At one level, this passage is a mass of abstractions.
But the abstractions are multiply connected to associations that the passage
evokes. Those associations go well beyond any meanings that might be found
in the passage by constructions of dictionary usages. My experience of
this passage, and passages like it, reinforces my sense that I am both
symbolic and associative, and that the symbolic and the associative reinforce
and focus each other. For me the associative resembles the statistical
in important ways, and to particularly resemble the sort of statistical
relations that might be called "latent semantics."
Latent semantic analysis, LSA, is a statistical correlation
technique that finds fits and, within limits, fashions multidimensional
logic spaces to "make sense" of the content that it "digests."(5)
LSA makes no effort to be brain-like - it is top-of-the-line statistical
analysis. LSA uses prodigious computational resources. Even so, LSA, more
than any effort I have seen, illustrates what association and statistics
might do as a part of neural logic.
The words "latent semantic" in LSA are interesting
- they refer to unconscious statistical correlations between words, without
any definitional information at all. The "latent semantics" of
a word in a particular data set is the statistical correlations between
that word and other words in that particular data set. LSA simulations
were intended to address the following question, and did so successfully:
Could a "simple" linear statistical correlation
model acquire a knowledge of a word's "probable meaning similarities"

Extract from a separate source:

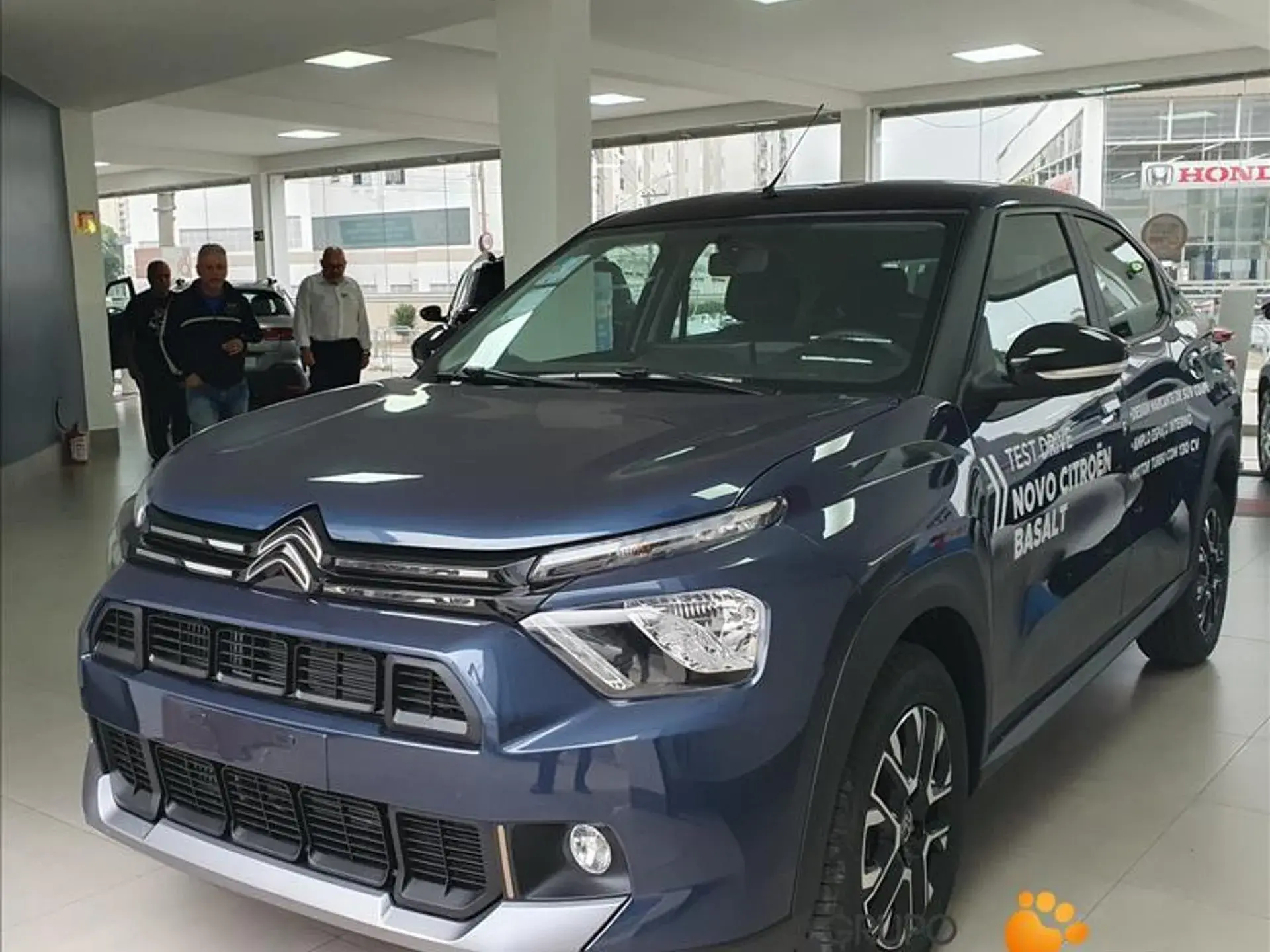 Citroen Basalt Carro Zero Mais Barato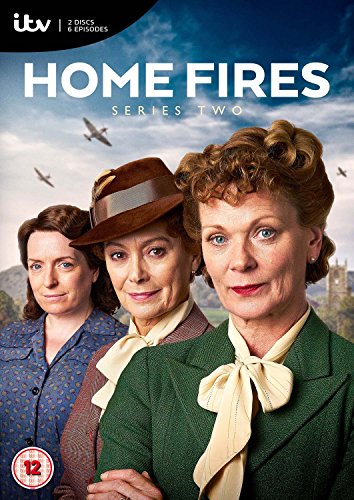 Home Fires; Series 2 [2 DVDs] [UK Import] von ITV Studios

if given a large amount of natural language text?
The answer was yes. The following results were shown,
judged by success in executing a multiple choice word synonym test used
for ESL students(6).
In a meaning-free correlational sense, the LSA program
acquired "word knowledge" per unit text read, at a rate comparable
to the rate a child learns words from text. (The machine and human learning
were not the same.)
MOST of the knowledge in the correlations came from indirect
inferences that combine information across more than two samples.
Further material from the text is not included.